The study of approximation algorithms in bounded dimensional Euclidean spaces is quite fruitful. For instance, the celebrated result by [Arora 98] presents PTASes for several variations of TSP and Stiener tree problems. However, the techniques heavily reply on the geometry of the Euclidean spaces, and it is an important question that whether the bounded dimensionality is sufficient for the existence of PTASes, without the need of Euclidean properties (such as vector representation and geometric properties).
The notion of doubling dimension is widely considered for measuring the intrinsic dimensionality of a metric space. Previous works showed that doubling dimension is more general than many measure of dimensionality. In particular, it is a generalization of Euclidean dimension while it does not possess Euclidean properties.

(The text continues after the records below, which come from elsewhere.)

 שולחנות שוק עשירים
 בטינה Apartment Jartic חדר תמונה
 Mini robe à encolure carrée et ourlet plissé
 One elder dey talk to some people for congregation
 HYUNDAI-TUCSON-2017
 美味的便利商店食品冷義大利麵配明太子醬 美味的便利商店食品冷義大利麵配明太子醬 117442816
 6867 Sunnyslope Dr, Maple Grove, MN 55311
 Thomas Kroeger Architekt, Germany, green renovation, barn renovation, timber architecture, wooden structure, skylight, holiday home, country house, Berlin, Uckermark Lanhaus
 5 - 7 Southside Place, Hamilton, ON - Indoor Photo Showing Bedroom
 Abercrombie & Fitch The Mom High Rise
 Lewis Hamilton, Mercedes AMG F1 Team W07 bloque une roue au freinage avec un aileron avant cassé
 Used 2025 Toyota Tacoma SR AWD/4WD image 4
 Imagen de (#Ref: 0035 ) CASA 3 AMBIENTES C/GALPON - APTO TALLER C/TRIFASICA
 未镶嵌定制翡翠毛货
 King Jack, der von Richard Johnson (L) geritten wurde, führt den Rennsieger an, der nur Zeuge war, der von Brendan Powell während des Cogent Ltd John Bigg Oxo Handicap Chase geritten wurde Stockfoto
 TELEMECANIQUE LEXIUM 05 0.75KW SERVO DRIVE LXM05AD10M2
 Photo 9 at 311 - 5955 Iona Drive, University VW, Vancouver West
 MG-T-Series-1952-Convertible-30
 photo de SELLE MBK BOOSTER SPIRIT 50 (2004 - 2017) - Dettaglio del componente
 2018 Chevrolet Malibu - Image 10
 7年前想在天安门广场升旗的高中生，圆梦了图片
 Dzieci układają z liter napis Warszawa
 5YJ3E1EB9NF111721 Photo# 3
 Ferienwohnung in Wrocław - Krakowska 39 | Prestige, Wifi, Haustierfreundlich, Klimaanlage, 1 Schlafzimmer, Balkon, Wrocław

In this talk, we discuss several recent results on approximation algorithms in doubling metrics (metric spaces with bounded doubling dimension).
We start with an introduction to doubling metrics. Then we talk about a QPTAS for TSP in doubling metrics which is based on [Talwar, STOC 04]., PTASes for variations of TSP in doubling metrics, which is based on [Bartal, Gottlieb, Krauthgammer, STOC 12] and [Chan, Jiang, SODA 16].
We also introduce a very recent result - a PTAS for the Stiener forest problem in doubling metrics, which is based on [Chan, Hu, Jiang, FOCS 16].
We conclude by proposing some open questions.